Mittlerweile habe beim FDC die dritte Etappe auf dem Weg zum ethisch und sozial verantwortlichen Investieren begonnen – für den Fondspräsidenten „die komplexeste“, weshalb sie „ länger dauert“. Sei sie abgeschlossen, werde der Kompensationsfonds nur noch in Unternehmen investieren, die beim Sozial- und Umweltschutz sowie in ihrer betrieblichen Governance den höchsten Standards genügen. Mit ausländischen Expertenbüros sei man dabei, eine Matrix aus Kriterien dieser drei Bereiche aufzustellen. „Wir feilen aber noch an unserer Methodologie.“ Mit einem Asset Manager der ING Bank teste der FDC derzeit, wie es sich auswirkt, aus einem Aktienpaket von 1 400 Unternehmen nur die 700 besten zu behalten. „Bewährt sich das, könnte ich mir vorstellen, dass wir das systematisch anwenden“, so Kieffer.

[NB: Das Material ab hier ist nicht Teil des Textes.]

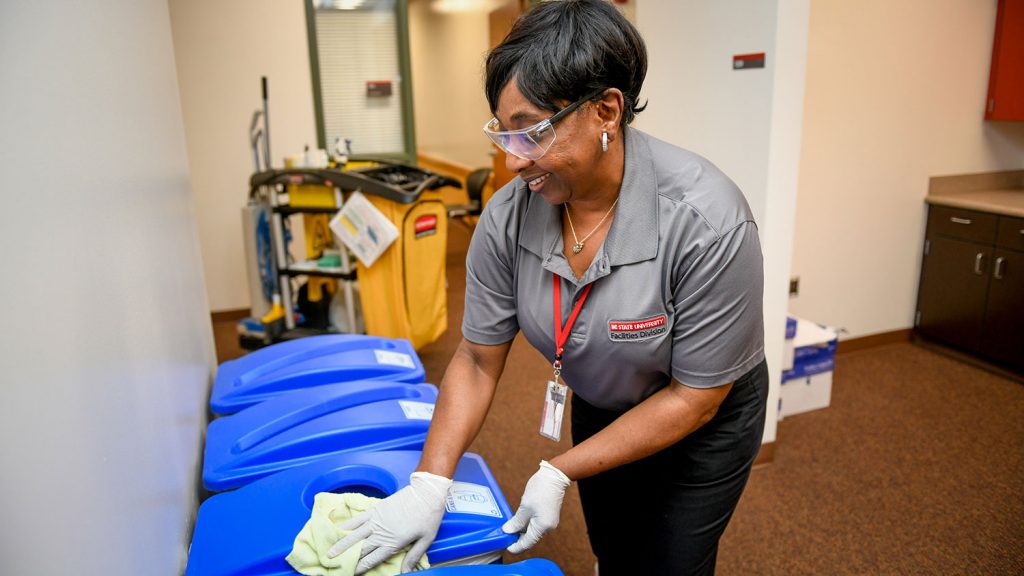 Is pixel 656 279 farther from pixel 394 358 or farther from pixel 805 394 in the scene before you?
pixel 805 394

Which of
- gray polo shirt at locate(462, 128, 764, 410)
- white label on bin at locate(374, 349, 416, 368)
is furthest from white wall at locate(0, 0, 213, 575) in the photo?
gray polo shirt at locate(462, 128, 764, 410)

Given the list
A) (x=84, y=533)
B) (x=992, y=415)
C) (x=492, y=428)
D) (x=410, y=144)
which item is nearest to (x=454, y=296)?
(x=410, y=144)

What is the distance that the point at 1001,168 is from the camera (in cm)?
363

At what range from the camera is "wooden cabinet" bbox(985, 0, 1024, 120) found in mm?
3338

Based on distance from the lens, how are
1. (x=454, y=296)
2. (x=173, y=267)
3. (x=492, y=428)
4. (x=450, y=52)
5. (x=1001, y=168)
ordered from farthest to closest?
(x=450, y=52) → (x=454, y=296) → (x=1001, y=168) → (x=492, y=428) → (x=173, y=267)

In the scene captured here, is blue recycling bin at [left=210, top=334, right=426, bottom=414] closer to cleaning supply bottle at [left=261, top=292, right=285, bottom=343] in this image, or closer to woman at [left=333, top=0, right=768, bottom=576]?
woman at [left=333, top=0, right=768, bottom=576]

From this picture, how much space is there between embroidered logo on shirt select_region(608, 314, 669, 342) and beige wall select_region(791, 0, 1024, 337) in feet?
7.90

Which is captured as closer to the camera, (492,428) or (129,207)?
(129,207)

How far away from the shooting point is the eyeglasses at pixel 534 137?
1008 millimetres

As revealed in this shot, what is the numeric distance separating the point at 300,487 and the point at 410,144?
397cm

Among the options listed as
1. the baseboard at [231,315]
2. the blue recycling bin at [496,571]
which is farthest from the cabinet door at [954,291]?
the baseboard at [231,315]

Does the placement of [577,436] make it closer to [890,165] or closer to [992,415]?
[992,415]

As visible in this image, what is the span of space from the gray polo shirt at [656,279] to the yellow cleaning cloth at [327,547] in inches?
16.6

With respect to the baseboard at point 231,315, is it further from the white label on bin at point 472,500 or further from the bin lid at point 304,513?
the white label on bin at point 472,500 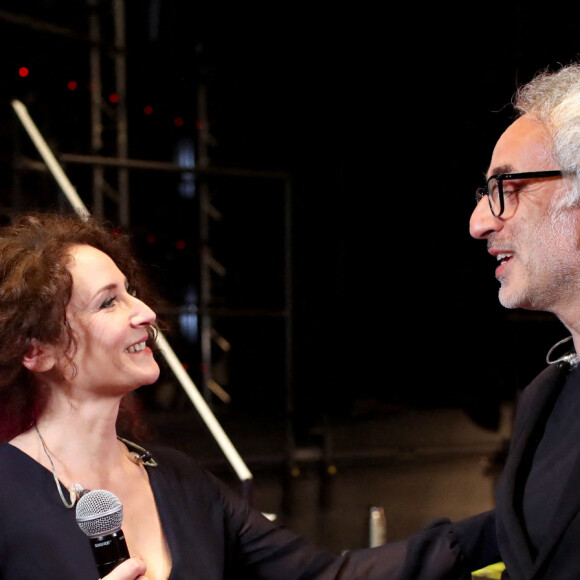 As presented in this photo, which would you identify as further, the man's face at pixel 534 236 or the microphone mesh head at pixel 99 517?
the man's face at pixel 534 236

Trotz all dieser Konzepte, externen Consultants, Matrizen und schwarzen und grauen Listen sei der FDC aber keine moralische Instanz. „Wir wenden nur die hier geltenden Gesetze an.“ Ein AKW-Betreiber wie die japanische Tepco wurde vom FDC wegen ihrer Unternehmensführung auf die Ausschlussliste gesetzt, nicht aber aus Opposition zur Atomkraft. „Schließlich gibt es kein Gesetz, dass Atomkraft verbietet.“ Ebenfalls nicht ausschlusswürdig waren dem FDC bislang Tabakfirmen – trotz Rauchverbotsverschärfung und EU-weit immer stärker eingeschränkter Tabakwerbung. Dass der norwegische Pensionsfonds sämtliche Aktien von Big Tobacco abgestoßen hat, sei, sagt Kieffer, „eine politische Entscheidung gewesen, die der norwegische Premier traf, der zu dem Pensionsfonds das letzte Wort hat“. In Luxemburg hat der Sozialminister das letzte Wort über den FDC. Der letzte Sozialminister, der auch Gesundheitsminister war, hatte sich allerdings beim Kompensationsfonds lediglich erkundigt, wie man zu Aktien von Tabakfirmen stehe, und sich erklären lassen, solange Tabak nicht gesetzlich verboten sei, liege das an ihm. Woraufhin nichts mehr geschah.